[Brief descriptive captions]
*** Block opens ***

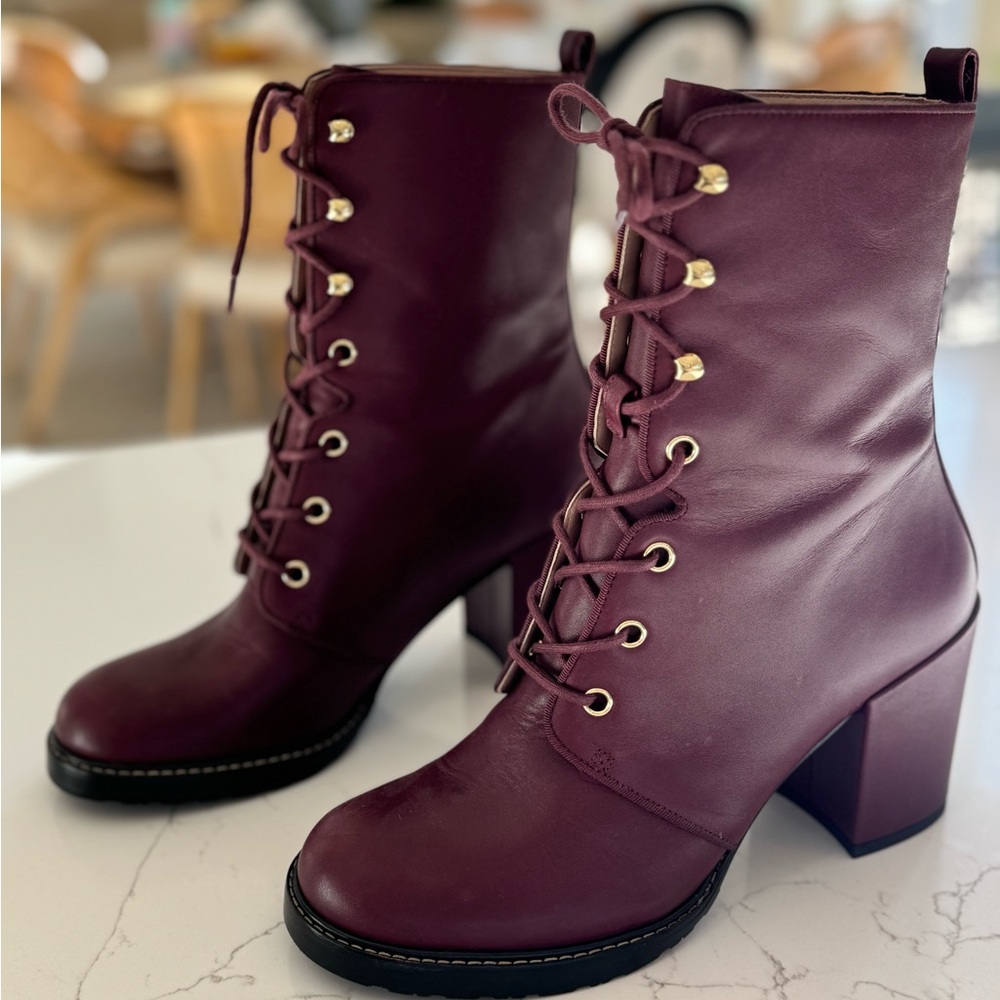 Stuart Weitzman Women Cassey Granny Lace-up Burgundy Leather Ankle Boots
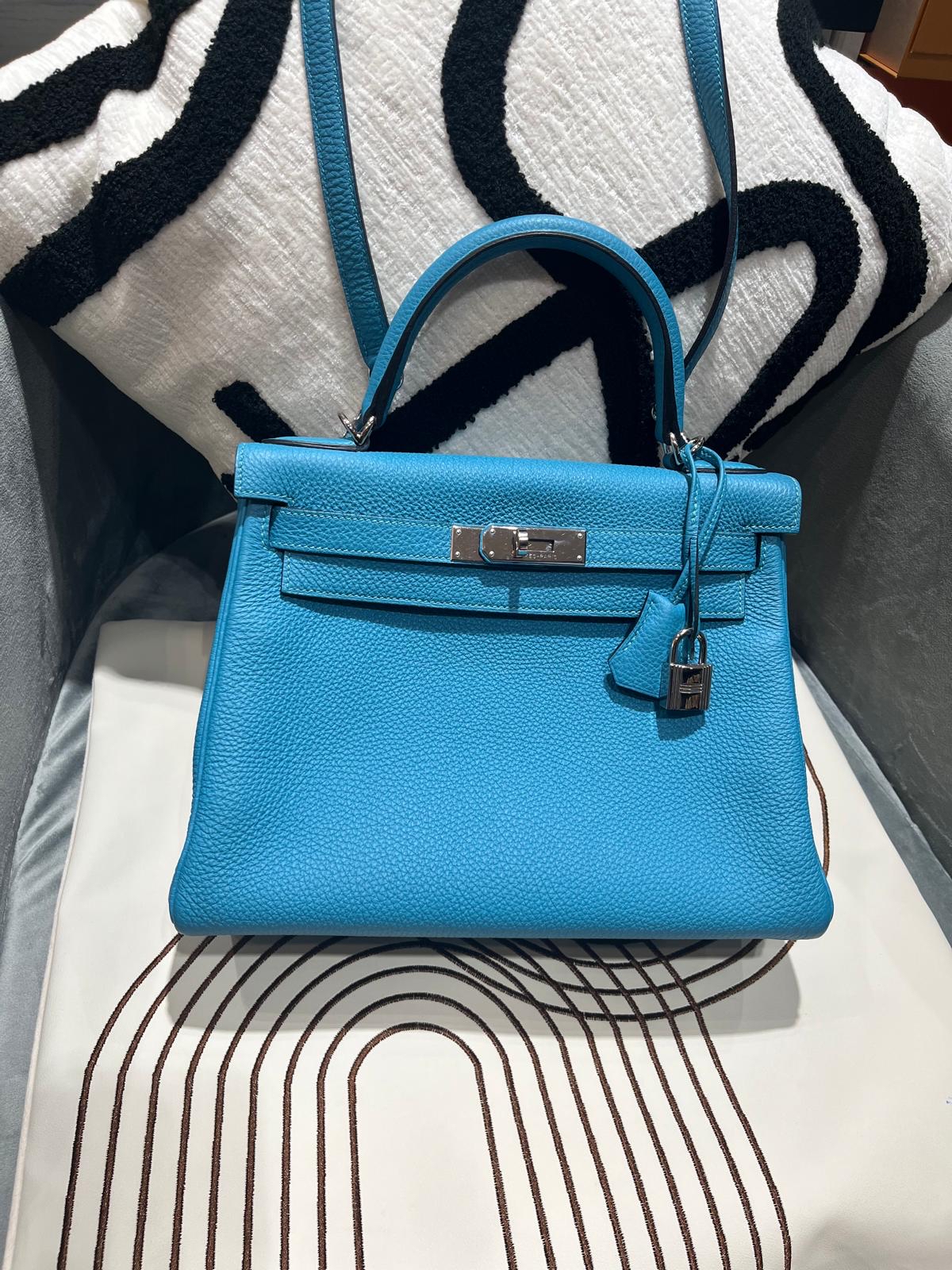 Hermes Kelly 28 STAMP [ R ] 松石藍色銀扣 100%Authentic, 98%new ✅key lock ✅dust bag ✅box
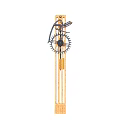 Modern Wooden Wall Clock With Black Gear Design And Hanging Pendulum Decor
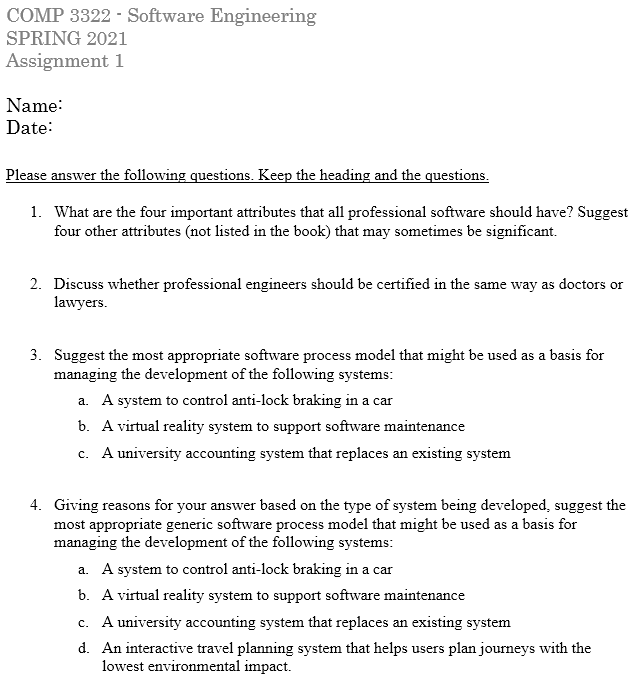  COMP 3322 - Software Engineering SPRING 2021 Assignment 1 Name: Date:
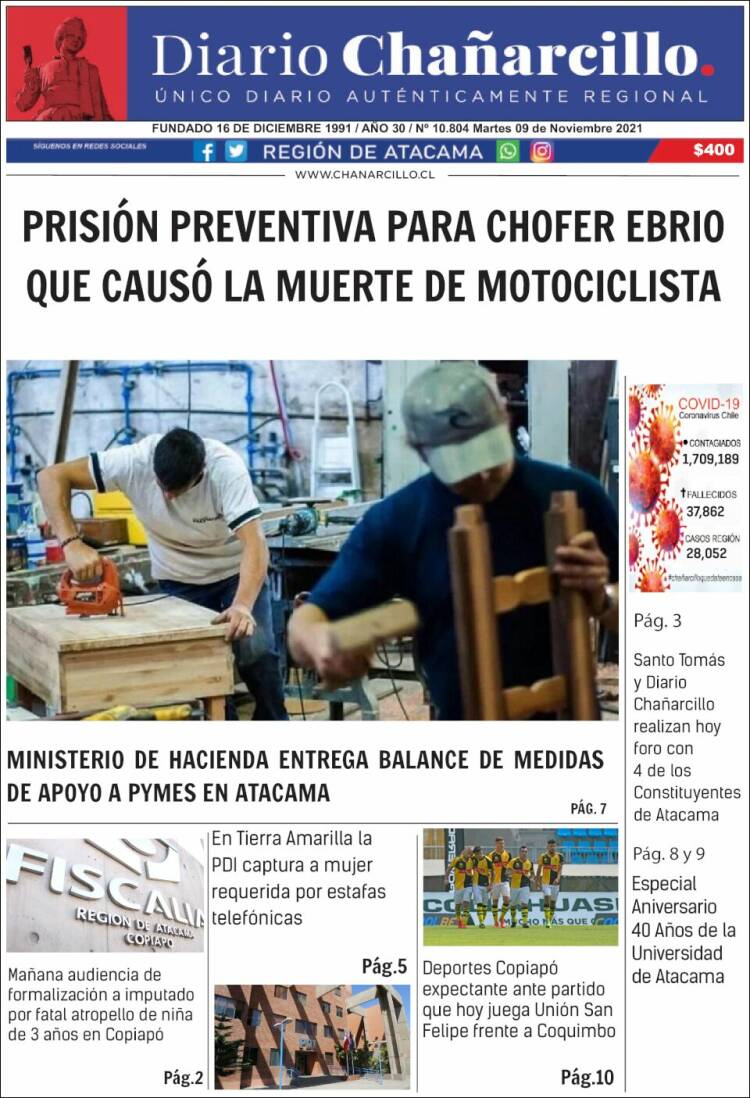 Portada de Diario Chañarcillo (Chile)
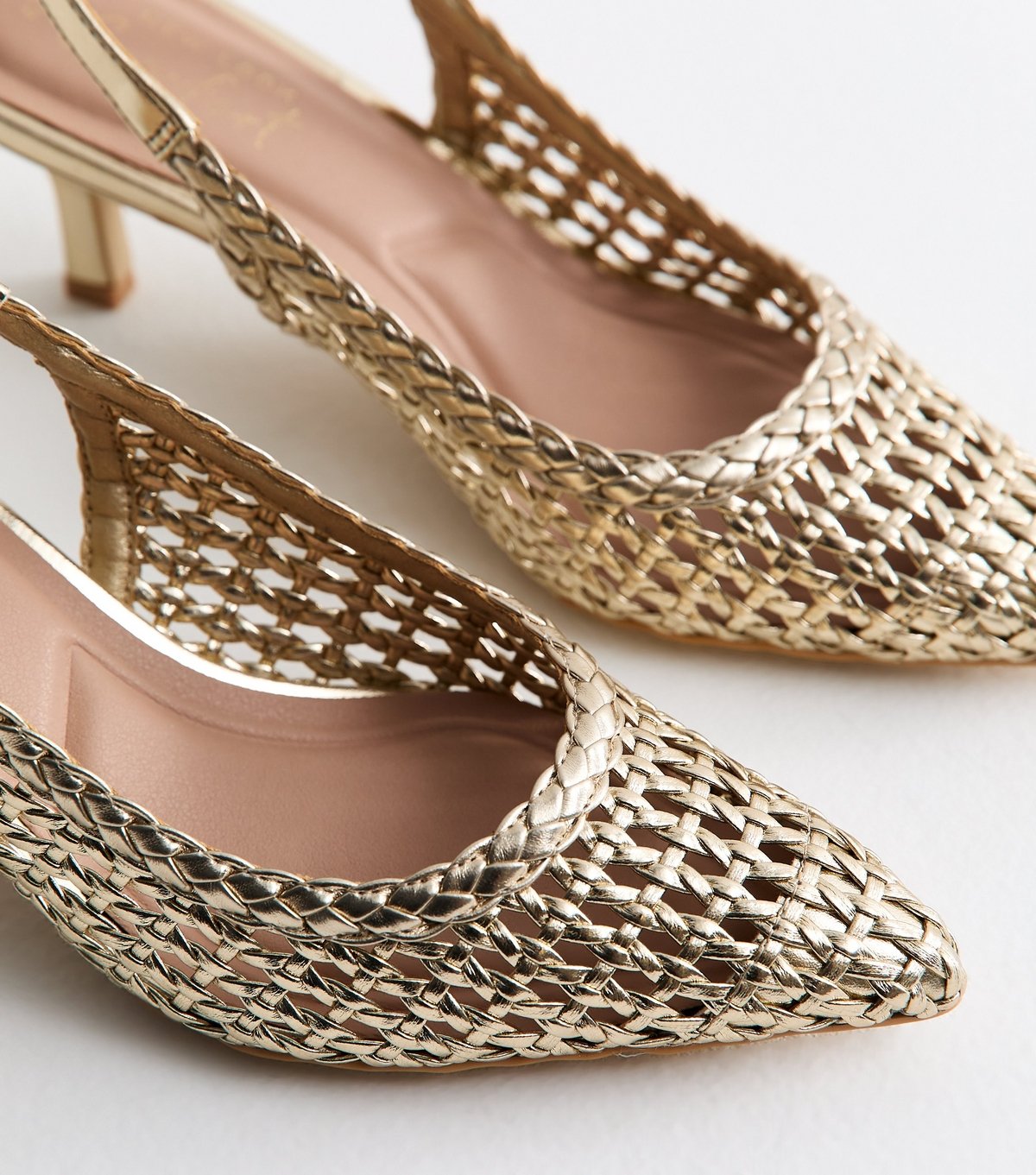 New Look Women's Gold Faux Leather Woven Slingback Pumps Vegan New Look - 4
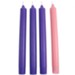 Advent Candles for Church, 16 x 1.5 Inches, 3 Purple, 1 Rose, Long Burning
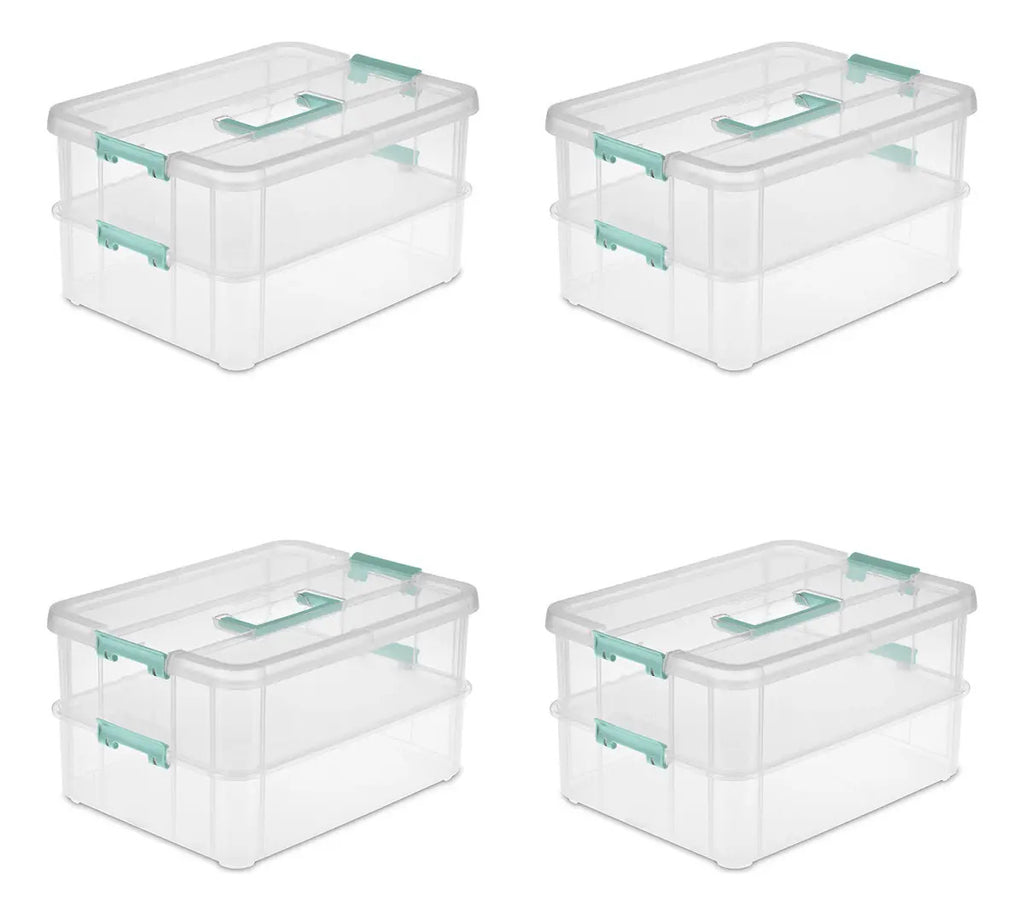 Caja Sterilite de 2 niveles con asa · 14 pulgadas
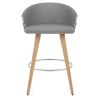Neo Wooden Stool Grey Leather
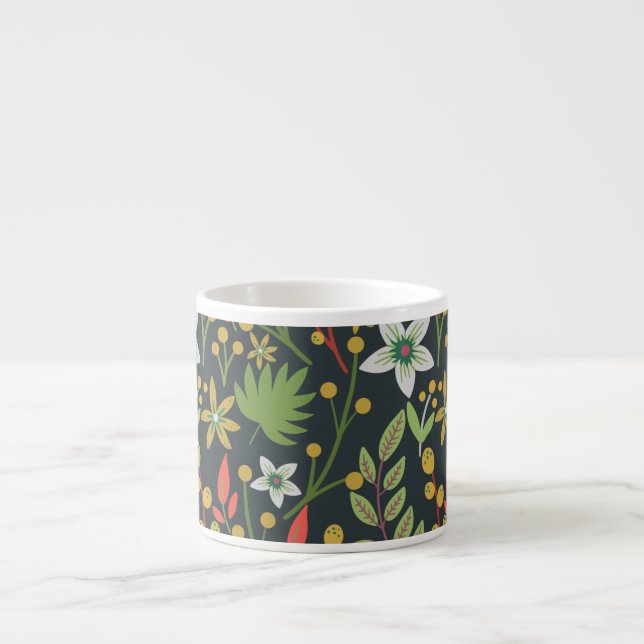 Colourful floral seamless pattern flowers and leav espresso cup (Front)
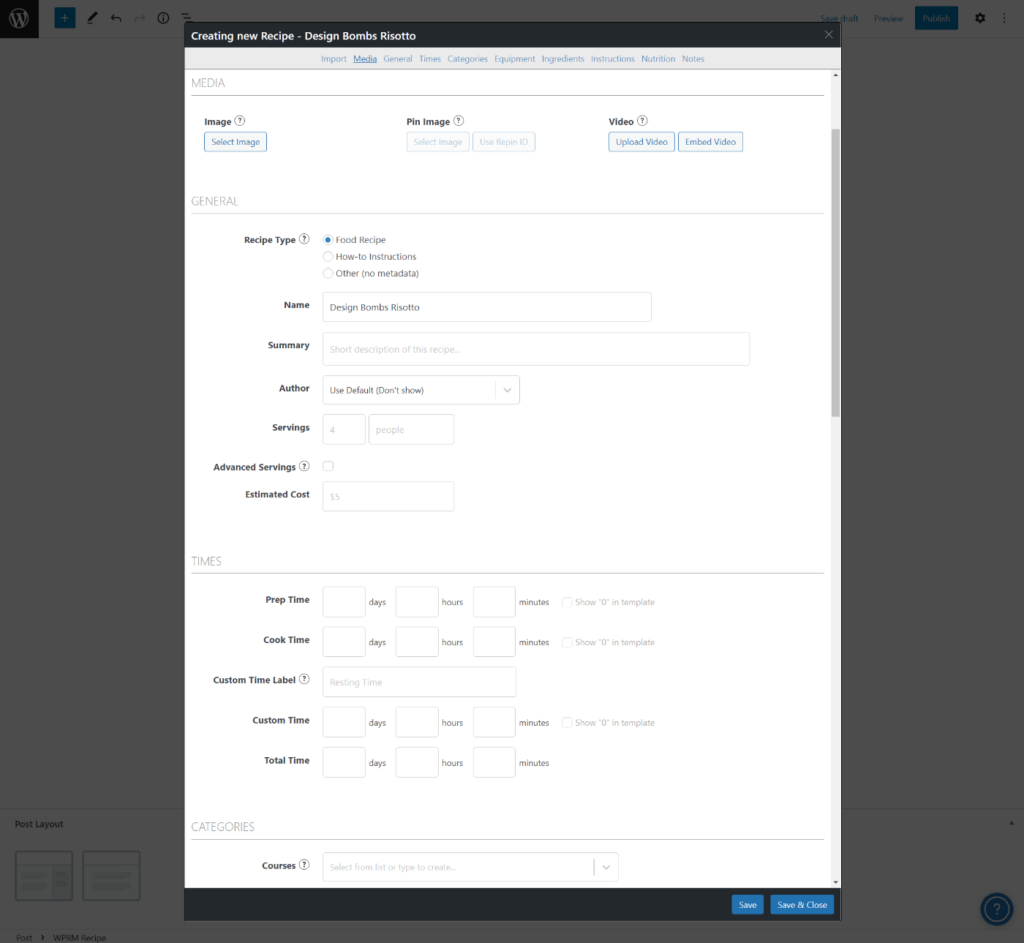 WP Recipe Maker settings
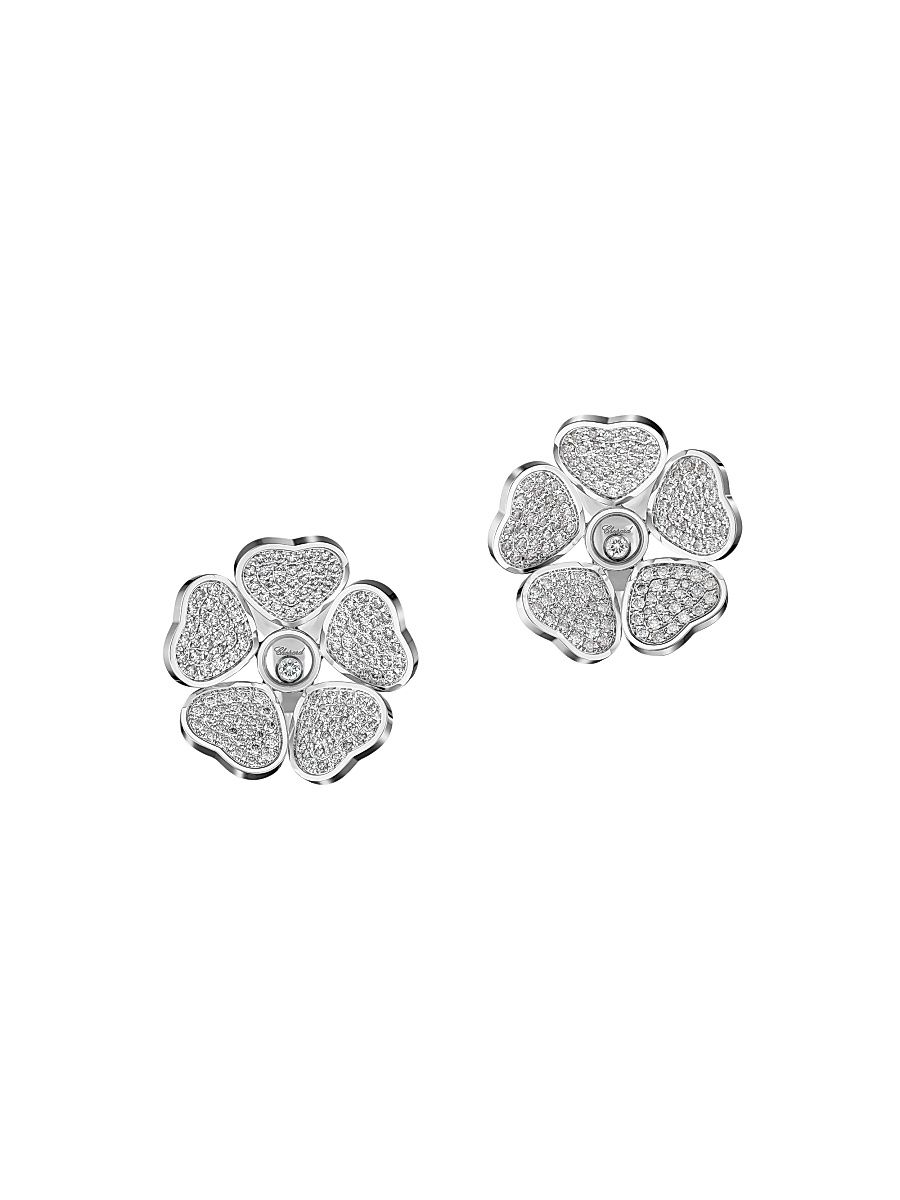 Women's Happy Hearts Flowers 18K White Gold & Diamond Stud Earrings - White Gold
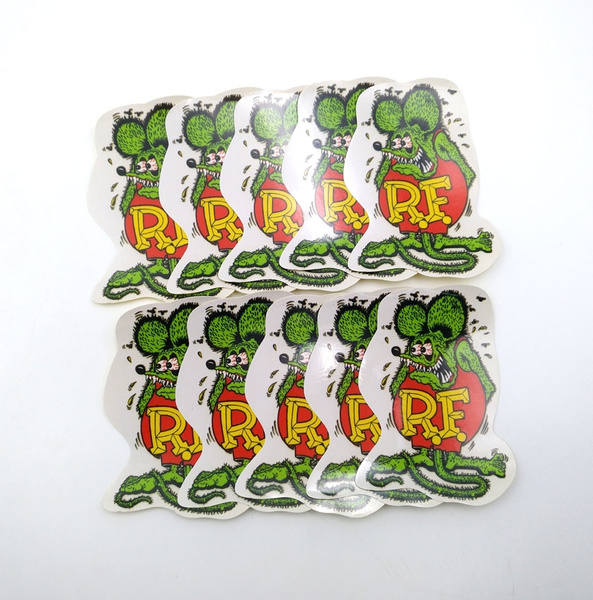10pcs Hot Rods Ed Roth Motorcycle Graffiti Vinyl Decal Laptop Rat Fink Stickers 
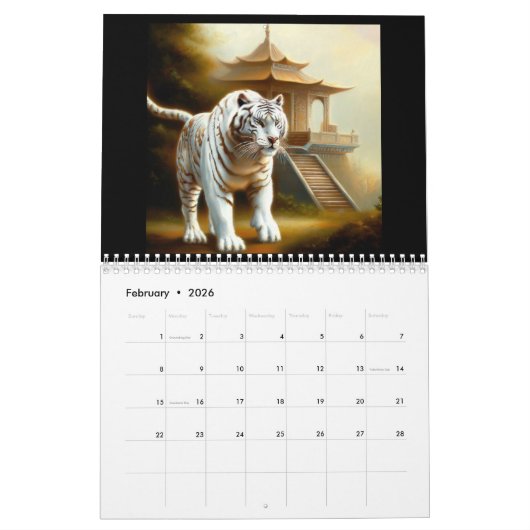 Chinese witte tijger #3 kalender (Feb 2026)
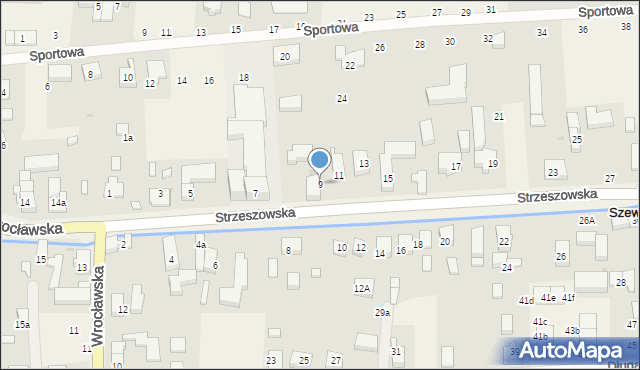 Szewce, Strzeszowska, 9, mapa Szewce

*** Block closes ***

_To do_
Pictures aside, print exactly the lines above starting with the one containing "Modern Wooden Wall" and going on through the one containing "New Look Women's".

_Written response_
 Modern Wooden Wall Clock With Black Gear Design And Hanging Pendulum Decor
  COMP 3322 - Software Engineering SPRING 2021 Assignment 1 Name: Date:
 Portada de Diario Chañarcillo (Chile)
 New Look Women's Gold Faux Leather Woven Slingback Pumps Vegan New Look - 4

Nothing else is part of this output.